O concerto de Benediction só não foi o melhor do segundo dia do Barroselas MetalFest porque ainda teríamos Saint Vitus no palco principal. Oriundos da Califórnia e a comemorarem 40 anos de actividade, os cabeças-de-cartaz do festival são considerados um dos pais do doom metal e criadores do som que degenerou hoje em sub-categorias como o sludge e o stoner. Desde 1981 que o guitarrista Dave Chandler tem guiado os norte-americanos pelo bom caminho, e desde quie em 2015 o vocalista original Scott Reagers regressou aos Vitus, parece que a banda está cada vez melhor. Com novo álbum "Saint Vitus" no horizonte, a performance foi simplesmente fantástica, passando em revista a carreira da mítica banda, com destaque para “WhiteMagic/Black Magic”, “One Mind” ou “Remains”. Barroselas agradeceu de pé aquele que foi, até então, o melhor concerto do evento.
DIA 3
O terceiro dia iniciou-se no palco secundário com os canadianos Auroch e o seu death metal claramente influenciado pelo som da Flórida. Pouca gente ainda no recinto mas que não deixcou de apoiar a banda.
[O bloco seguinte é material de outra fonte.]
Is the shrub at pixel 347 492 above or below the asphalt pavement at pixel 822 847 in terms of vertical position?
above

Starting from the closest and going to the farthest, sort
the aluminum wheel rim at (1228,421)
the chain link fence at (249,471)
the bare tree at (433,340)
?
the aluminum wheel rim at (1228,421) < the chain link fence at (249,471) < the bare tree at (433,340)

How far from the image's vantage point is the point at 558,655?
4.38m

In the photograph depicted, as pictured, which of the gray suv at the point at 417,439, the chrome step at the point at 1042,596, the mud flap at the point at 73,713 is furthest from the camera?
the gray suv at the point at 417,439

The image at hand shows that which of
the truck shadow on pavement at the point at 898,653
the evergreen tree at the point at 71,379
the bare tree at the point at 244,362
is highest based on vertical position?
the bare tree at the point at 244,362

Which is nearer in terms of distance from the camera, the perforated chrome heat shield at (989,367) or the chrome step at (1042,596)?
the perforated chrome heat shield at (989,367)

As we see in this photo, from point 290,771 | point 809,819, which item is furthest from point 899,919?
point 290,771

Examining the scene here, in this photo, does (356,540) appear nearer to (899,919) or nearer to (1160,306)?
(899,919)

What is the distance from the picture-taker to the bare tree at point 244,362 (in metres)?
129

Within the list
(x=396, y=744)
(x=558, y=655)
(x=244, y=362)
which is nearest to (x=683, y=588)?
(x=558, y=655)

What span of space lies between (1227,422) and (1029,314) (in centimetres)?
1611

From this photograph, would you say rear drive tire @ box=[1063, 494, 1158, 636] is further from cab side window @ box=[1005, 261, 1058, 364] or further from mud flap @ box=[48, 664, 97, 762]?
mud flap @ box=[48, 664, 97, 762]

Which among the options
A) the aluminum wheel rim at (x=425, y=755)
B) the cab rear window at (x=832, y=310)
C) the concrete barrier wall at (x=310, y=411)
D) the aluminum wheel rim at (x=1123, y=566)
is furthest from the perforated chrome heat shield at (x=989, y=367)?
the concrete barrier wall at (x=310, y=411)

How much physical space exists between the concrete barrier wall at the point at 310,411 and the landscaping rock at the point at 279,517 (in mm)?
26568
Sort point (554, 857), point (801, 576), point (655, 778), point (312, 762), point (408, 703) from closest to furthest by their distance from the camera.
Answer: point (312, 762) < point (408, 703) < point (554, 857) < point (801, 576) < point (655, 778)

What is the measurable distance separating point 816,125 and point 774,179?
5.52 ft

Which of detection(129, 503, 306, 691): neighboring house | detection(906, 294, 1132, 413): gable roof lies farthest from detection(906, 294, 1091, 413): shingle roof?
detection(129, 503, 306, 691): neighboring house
O palco principal arrancou às 19 horas com os portugueses Martelo Negro, que fizeram uma excelente prestação, alicerçada em “Parthenogenesis”, o disco deste ano. Destaque ainda para a presença da Carina dos Disthrone para a vocalização de uma das malhas com que o público foi brindado.
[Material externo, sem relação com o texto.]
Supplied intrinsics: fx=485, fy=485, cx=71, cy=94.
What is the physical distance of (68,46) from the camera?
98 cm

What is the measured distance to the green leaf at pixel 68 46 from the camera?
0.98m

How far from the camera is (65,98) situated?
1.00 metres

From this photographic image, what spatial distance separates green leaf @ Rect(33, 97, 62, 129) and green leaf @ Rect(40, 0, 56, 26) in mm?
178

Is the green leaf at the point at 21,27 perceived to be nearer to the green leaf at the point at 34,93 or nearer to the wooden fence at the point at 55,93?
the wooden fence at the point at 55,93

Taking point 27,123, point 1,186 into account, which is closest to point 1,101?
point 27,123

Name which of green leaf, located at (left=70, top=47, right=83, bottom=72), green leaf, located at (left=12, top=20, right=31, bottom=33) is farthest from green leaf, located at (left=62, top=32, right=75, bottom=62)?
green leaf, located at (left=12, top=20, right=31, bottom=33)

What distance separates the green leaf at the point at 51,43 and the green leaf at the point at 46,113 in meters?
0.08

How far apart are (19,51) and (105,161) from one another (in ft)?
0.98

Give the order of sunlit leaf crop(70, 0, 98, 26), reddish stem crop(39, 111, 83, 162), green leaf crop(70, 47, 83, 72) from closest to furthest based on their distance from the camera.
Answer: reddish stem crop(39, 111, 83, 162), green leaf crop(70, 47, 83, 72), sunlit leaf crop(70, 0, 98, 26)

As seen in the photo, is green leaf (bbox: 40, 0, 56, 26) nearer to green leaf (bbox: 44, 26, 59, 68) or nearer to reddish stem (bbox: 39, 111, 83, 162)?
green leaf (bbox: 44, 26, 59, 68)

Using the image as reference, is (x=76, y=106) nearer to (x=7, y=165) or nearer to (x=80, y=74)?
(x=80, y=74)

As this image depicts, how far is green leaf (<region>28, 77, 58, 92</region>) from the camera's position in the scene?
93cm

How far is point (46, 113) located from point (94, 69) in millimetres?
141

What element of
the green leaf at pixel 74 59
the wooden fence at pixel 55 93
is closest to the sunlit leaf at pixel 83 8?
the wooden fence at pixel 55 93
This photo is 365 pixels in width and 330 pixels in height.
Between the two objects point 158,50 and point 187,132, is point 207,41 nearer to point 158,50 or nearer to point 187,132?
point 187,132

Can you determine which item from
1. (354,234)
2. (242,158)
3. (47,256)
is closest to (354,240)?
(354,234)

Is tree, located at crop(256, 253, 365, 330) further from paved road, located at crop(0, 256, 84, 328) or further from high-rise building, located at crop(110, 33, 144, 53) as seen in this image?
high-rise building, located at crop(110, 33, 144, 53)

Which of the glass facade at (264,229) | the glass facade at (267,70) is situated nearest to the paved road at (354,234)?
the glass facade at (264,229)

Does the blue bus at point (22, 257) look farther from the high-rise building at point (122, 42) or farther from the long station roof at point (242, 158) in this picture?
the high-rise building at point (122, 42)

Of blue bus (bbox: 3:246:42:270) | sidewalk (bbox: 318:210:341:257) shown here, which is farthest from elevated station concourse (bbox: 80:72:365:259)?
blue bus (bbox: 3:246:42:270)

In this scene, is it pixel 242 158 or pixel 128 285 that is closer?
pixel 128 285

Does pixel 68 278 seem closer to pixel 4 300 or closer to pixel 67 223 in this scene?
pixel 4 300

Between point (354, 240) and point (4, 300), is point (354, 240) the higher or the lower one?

No palco secundário foram poucos os que decidiram assistir ao noisecore das brasileiras Rakta. O duo paulista encheu a sala de temas experimentais, baseados na distorção de som e voz, que pareceu completamente desfazado do restante cartaz do festival. Mesmo assim, é sempre interessante ver a fusão de estilos que cabem dentro deste evento.
Pela quarta vez presentes em Barroselas, os madrilenos Wormed trouxeram para o palco principal o seu death metal melódico, para gáudio de muito público que atravessou a fronteira para apoiar os seus conterrâneos.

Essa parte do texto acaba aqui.